**What the task requires**
Below are the entries. Set down exactly the line containing "Property at 8059" and each line after it.

(Beginning of Exercise data)

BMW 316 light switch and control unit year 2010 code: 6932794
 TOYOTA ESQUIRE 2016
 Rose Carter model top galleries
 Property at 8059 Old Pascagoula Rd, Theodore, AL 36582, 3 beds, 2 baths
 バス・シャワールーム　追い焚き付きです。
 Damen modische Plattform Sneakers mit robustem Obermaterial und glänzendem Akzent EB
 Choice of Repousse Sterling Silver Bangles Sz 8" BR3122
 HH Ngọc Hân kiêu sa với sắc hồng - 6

(End of Exercise data)

**Result for this task**
 Property at 8059 Old Pascagoula Rd, Theodore, AL 36582, 3 beds, 2 baths
 バス・シャワールーム　追い焚き付きです。
 Damen modische Plattform Sneakers mit robustem Obermaterial und glänzendem Akzent EB
 Choice of Repousse Sterling Silver Bangles Sz 8" BR3122
 HH Ngọc Hân kiêu sa với sắc hồng - 6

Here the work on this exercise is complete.